|Comic hardcover, 1202 pages|
Published 2012 (contents: 2006-07)
Acquired December 2012
Read August 2014
Writers: Geoff Johns, Grant Morrison, Greg Rucka, Mark WaidPencillers: Eddy Barrows, Chris Batista, Joe Bennett, Giuseppe Camuncoli, Tom Derenick, Dale Eaglesham, Jamal Igle, Phil Jimenez, Drew Johnson, Justiniano, Dan Jurgers, Ken Lashley, Mike McKone, Shawn Moll, Todd Nacuk, Patrick Olliffe, Joe Prado, Darick Robertson, Andy Smith
Art Breakdowns: Keith Giffen
Art Breakdowns: Keith Giffen
Inkers: Marlo Alquiza, Eddy Barrows, Mariah Benes, Joe Bennett, Belardino Brabo, Keith Champagne, Draxhall, Drew Geraci, Dan Green, Jack Jason, Roy José, Andy Lanning, Jay Leisten, Dave Meikes, Nelson, Tom Nguyen, Jimmy Palmiotti, Rodney Ramos, Norm Rapmund, Darick Robertson, Prentis Rollins, Lorenzo Ruggiero, Rob Stull, Ray Snyder, Art Thibert, Walden Wong
Colorists: David Baron, Pete Pantazis, Alex Sinclair
Letterers: Phil Balsman, Pat Brosseau, Jared K. Fletcher, Travis Lanham, Rob Leigh, Ken Lopez, Nick J. Napolitano
At some point, I planned on doing something big for this book-- you know, "52 Reasons That I Loved 52." But then time got away from-- very away from me-- and as it is this review will go up a whole eleven months after I read this book, and a lot of my specific memories have faded, which is a shame, as I did write very specific reviews about a number of very unmemorable books taking place in and around 52.

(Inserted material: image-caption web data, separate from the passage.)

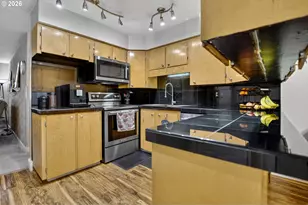 19138 Pilkington Rd, Lake Oswego, OR 97035 - Photo 10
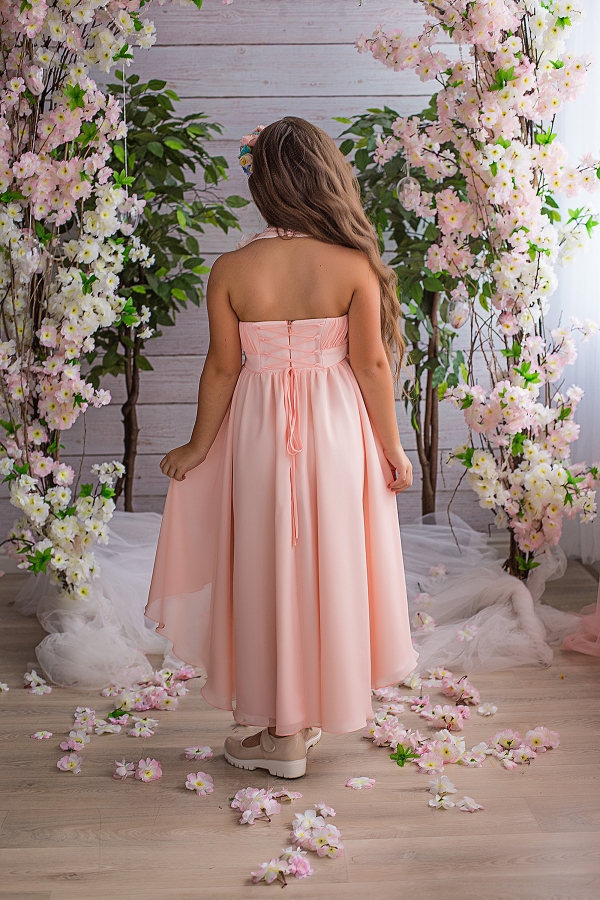 Детское платье нежно-розового цвета 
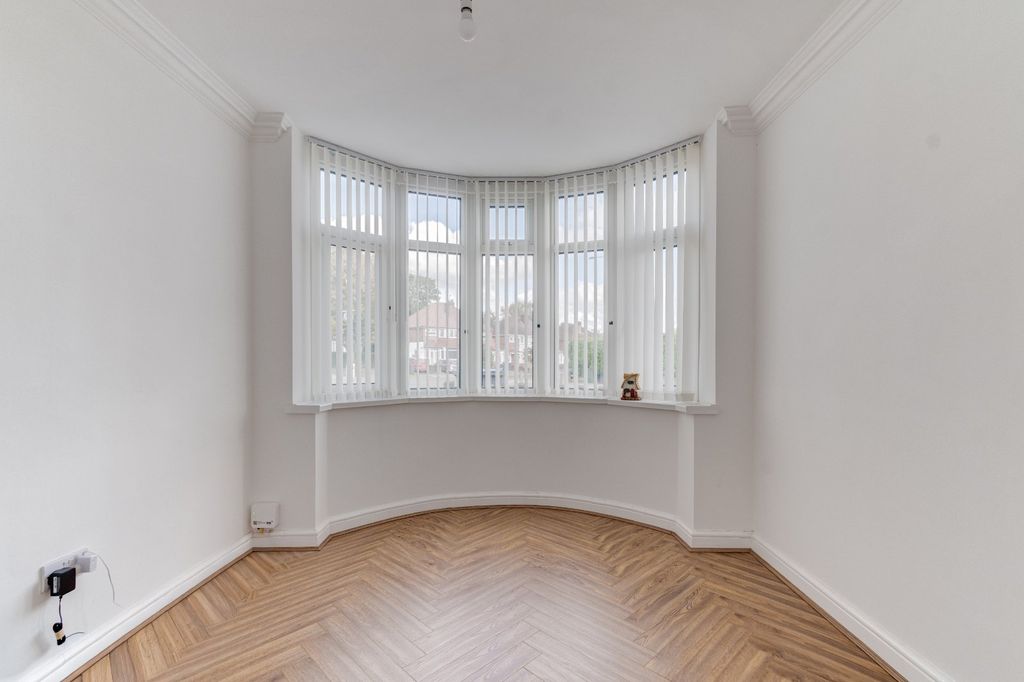 Property photo 2 of 15 Picture No. 07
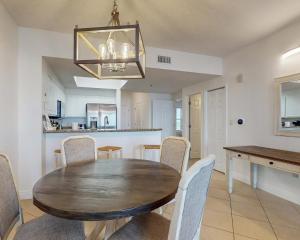 Ariel Dunes I 609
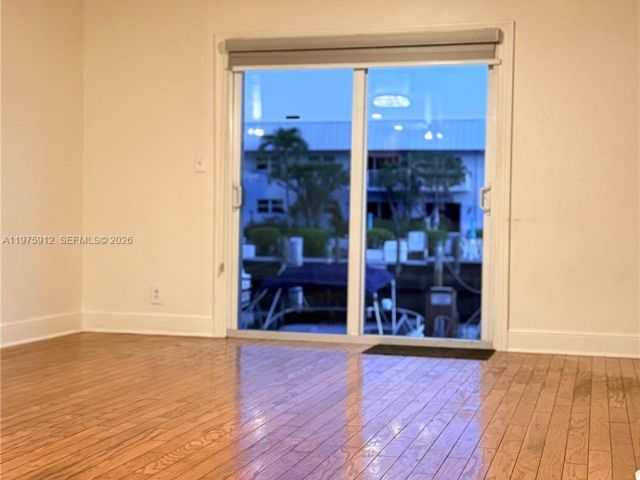 Home for rent at 2533 NE 15th St - photo 7478320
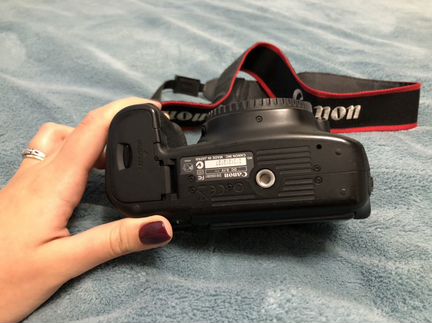 Зеркальный фотоаппарат Canon 60D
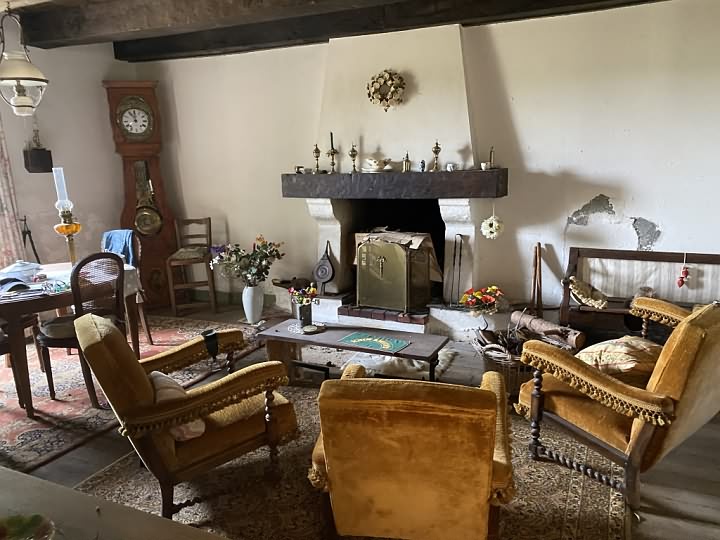 3 bed stone house for sale near Bujaleuf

But anyway, 52 covers the year after the Infinite Crisis on a week-by-week basis. It's a year where Superman is without his powers (he exerted them more than ever before to defeat Superboy-Prime during the Infinite Crisis), Batman is travelling the world trying to remember how not to be a dick, and Wonder Woman is on a spiritual retreat. So it falls to the true greats of the DC universe to watch over the Earth. You know, Booster Gold, Elongated Man, Steel, the Question, Batwoman, Lex Luthor. Those guys. The giants.
Of course, I was predisposed to like this. It's those also-rans of the DC universe that I love the most about it; I have a complete run of Justice League Europe, I have read every Green Arrow comic published between 1983 and 2011, and I believe that the 1992 Elongated Man miniseries is an unjustly overlooked highlight of the superhero genre. On the other hand, it's hard to deny that this has its problems-- some plots unnaturally spin their wheels for months, while others leap ahead between issues. Some of it is just boring; I really wanted to like the space heroes, but aside from their encounter with a newly peaceful Lobo, I never really connected to these adventures. There's a little too much of Black Adam punching people to death. And by "a little too much," I mean any. Some of it is confusing, like whatever Booster did to beat Mister Mind at the end. Some of it seems misguided, like Wonder Girl joining some kind of super-weird cult devoted to Superboy.
But then, there's the island of super-geniuses finally putting one over on the the one they see as the ultimate super-jock in Black Adam, there's Booster Gold's moment of final redemption, there's Renee Montoya losing everything and learning why it's important to do so, there's the Elongated Man revealing just how much he's worked out all along, there's Renee's desperate trek through the snow to save a life, there's Doctor Magnus (creator of the Metal Men) having monthly visits with the imprisoned T. O. Morrow (creator of the Red Tornado). And, in my favorite favorite moment, there's Clark Kent realizing he doesn't have to be Superman to be a great journalist-- and the amazing action he takes as a result.
I know that auteur television is all the rage these days, and certainly people really dig auteur comics a lot, too. But there's something to be said for really solid writer's room television (I think Ira Steven Behr on seasons 3-7 of Deep Space Nine was really great at this, and Ron Moore learned from him to repeat his success with seasons 1-2 of Battlestar Galactica, but that's another blog post), and 52 is basically writer's room comics. Johns, Morrison, Rucka, Waid, and Giffen are all really good comic book creators, but they all have completely different skillsets and interests. Each has done great comics on his own, but their work as a group blends their strengths in a way you'd never expect. One of the thrills of the DC universe for me is the diverse kind of storytelling it has. Who'd think that Superman: Last Son, Seven Soldiers of Victory, Gotham Central, The Brave and the Bold, and The Great Darkness Saga all take place in the same millieu? And yet all of those diverse perspectives take place in the same book. 52 is the definitive statement of what DC can be at its best.